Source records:
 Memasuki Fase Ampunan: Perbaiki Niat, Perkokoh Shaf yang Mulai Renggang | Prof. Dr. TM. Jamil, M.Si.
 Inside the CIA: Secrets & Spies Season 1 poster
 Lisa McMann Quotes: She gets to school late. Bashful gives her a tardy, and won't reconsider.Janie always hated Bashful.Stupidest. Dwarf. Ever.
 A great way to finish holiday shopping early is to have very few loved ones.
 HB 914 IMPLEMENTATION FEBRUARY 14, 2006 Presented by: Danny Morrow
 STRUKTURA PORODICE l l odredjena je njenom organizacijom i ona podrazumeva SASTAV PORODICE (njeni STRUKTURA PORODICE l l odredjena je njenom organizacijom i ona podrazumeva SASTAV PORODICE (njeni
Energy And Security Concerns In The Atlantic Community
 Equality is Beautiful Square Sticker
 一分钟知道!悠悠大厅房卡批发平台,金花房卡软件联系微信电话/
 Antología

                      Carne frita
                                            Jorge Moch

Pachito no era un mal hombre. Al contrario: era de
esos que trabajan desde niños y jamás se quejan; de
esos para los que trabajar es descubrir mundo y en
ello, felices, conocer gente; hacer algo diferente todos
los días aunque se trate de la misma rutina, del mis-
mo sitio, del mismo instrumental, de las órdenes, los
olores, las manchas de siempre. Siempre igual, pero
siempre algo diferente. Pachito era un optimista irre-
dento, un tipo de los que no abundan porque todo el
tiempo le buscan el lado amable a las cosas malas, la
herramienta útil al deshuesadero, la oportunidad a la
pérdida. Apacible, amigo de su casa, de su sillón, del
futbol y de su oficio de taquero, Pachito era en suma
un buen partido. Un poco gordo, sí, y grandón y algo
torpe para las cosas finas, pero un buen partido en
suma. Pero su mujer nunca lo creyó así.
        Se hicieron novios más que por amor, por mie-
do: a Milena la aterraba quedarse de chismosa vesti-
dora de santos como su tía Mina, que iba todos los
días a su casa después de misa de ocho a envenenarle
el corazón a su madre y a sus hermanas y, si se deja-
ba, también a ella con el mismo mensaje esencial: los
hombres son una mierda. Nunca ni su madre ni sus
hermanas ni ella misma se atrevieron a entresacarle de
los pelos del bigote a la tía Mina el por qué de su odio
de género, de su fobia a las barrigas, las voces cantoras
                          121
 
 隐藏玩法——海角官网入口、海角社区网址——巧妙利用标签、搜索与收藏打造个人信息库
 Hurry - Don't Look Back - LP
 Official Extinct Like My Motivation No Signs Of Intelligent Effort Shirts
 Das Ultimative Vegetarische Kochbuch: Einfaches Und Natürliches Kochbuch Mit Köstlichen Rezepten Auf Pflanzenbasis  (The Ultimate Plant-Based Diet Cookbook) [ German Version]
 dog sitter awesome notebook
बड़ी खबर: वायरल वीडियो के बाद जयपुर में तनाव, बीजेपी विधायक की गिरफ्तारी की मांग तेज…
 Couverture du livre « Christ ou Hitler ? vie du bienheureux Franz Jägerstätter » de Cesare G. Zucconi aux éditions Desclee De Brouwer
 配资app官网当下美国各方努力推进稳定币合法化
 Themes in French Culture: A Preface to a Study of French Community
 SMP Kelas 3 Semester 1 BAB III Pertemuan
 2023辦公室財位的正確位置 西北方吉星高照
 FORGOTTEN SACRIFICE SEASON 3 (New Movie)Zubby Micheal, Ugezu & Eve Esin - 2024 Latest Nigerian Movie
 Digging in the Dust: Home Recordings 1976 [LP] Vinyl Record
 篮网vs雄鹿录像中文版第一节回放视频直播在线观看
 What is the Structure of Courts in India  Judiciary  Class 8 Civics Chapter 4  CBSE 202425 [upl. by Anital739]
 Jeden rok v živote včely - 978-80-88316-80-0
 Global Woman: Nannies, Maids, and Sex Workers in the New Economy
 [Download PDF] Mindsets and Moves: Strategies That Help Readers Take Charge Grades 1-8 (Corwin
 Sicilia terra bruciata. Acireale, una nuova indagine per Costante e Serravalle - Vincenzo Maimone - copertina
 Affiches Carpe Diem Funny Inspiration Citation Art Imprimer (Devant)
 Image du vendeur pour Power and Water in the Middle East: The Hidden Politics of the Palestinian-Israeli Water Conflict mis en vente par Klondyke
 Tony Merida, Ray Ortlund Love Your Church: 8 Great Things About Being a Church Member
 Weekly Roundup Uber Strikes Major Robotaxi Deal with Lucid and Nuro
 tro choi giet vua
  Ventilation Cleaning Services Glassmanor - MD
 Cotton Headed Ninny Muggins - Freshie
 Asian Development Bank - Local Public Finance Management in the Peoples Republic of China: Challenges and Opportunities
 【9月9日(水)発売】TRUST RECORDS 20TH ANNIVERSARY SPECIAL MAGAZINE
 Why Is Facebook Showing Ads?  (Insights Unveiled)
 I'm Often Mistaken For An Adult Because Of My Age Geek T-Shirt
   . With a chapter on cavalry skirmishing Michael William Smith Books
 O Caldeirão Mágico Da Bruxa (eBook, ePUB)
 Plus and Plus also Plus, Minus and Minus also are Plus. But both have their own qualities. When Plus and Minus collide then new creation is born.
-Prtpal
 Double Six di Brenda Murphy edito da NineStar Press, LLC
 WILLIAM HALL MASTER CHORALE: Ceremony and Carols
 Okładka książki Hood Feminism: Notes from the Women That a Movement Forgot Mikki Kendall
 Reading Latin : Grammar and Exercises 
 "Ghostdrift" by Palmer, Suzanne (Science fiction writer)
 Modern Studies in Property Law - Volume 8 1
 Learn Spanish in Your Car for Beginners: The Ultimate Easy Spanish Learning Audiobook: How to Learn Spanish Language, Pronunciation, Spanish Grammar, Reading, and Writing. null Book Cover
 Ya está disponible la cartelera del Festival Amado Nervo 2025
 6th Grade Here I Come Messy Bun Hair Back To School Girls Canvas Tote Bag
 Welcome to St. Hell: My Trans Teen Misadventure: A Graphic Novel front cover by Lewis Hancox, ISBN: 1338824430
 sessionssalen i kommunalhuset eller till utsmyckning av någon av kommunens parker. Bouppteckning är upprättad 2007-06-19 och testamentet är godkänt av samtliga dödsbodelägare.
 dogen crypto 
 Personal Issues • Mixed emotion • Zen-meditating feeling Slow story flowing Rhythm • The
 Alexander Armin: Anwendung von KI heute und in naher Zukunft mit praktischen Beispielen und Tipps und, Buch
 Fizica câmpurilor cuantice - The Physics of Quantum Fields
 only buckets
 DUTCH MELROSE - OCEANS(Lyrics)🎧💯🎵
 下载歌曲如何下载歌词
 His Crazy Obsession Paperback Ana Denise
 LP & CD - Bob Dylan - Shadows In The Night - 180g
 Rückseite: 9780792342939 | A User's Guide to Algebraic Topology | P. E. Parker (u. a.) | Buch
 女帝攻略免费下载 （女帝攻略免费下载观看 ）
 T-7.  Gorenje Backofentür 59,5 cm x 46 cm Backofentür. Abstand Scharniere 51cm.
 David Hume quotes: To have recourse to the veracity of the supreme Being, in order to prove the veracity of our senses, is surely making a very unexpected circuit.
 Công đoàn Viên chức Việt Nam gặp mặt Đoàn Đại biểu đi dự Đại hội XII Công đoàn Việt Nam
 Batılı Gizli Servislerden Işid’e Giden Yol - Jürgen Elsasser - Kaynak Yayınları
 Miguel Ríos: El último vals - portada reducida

▶ **Instructions to follow**
Looking at the data above, write out exactly the lines that start at the one containing "tiempo le buscan" and end at the one containing "los pelos del"; include both and nothing beyond.

▶ **Answer section**
tiempo le buscan el lado amable a las cosas malas, la
herramienta útil al deshuesadero, la oportunidad a la
pérdida. Apacible, amigo de su casa, de su sillón, del
futbol y de su oficio de taquero, Pachito era en suma
un buen partido. Un poco gordo, sí, y grandón y algo
torpe para las cosas finas, pero un buen partido en
suma. Pero su mujer nunca lo creyó así.
        Se hicieron novios más que por amor, por mie-
do: a Milena la aterraba quedarse de chismosa vesti-
dora de santos como su tía Mina, que iba todos los
días a su casa después de misa de ocho a envenenarle
el corazón a su madre y a sus hermanas y, si se deja-
ba, también a ella con el mismo mensaje esencial: los
hombres son una mierda. Nunca ni su madre ni sus
hermanas ni ella misma se atrevieron a entresacarle de
los pelos del bigote a la tía Mina el por qué de su odio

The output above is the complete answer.